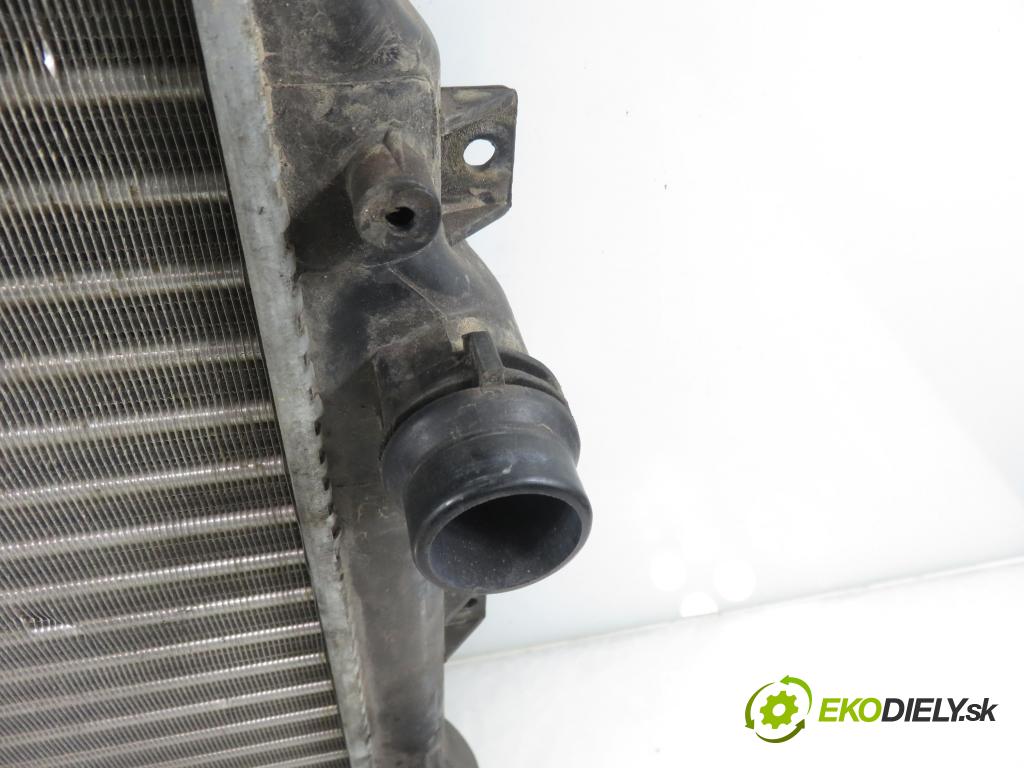 SEAT ALTEA (5P1) MINIVAN 2005 77,00 1.9 TDI PD 105 - BJB 1896,00 chladič vody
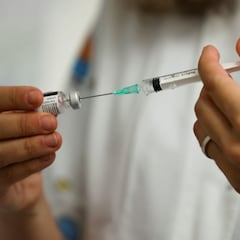 ¿Te vacunas en verano?: los días que tienes que esperar de la primera a la segunda dosis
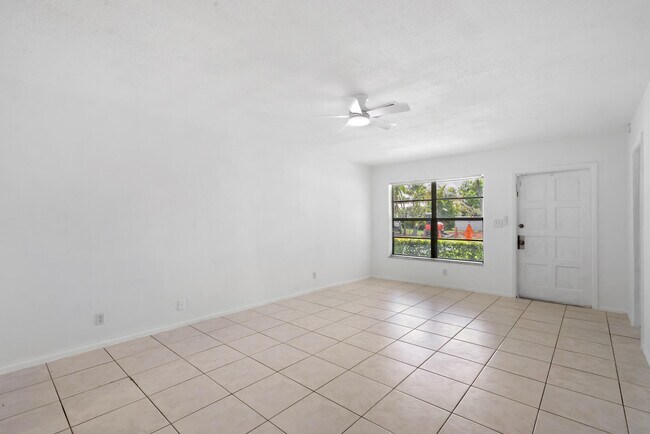 Foto del edificio - 4108 NW 79th Ave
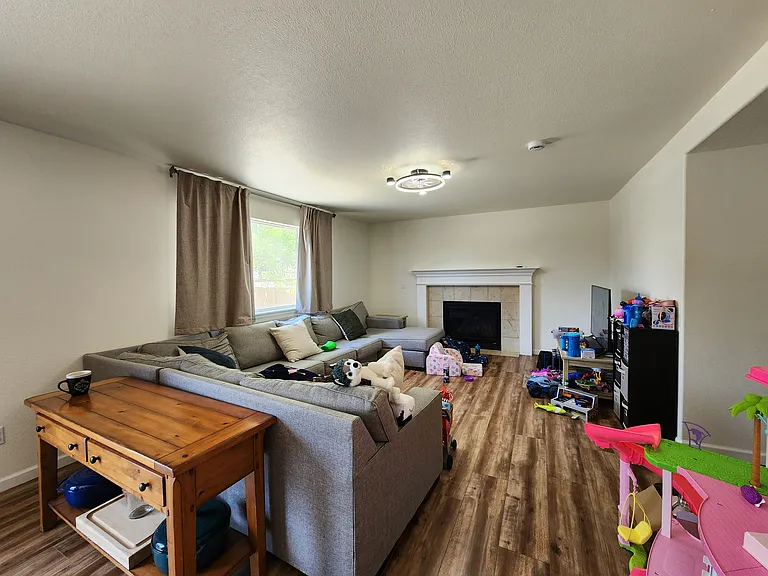 4736 Laurelglen Ln — Photo 11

---

**Action item:** Without including any images, output the data exactly as given.

**Solved problem:**
 SEAT ALTEA (5P1) MINIVAN 2005 77,00 1.9 TDI PD 105 - BJB 1896,00 chladič vody
 ¿Te vacunas en verano?: los días que tienes que esperar de la primera a la segunda dosis
 Foto del edificio - 4108 NW 79th Ave
 4736 Laurelglen Ln — Photo 11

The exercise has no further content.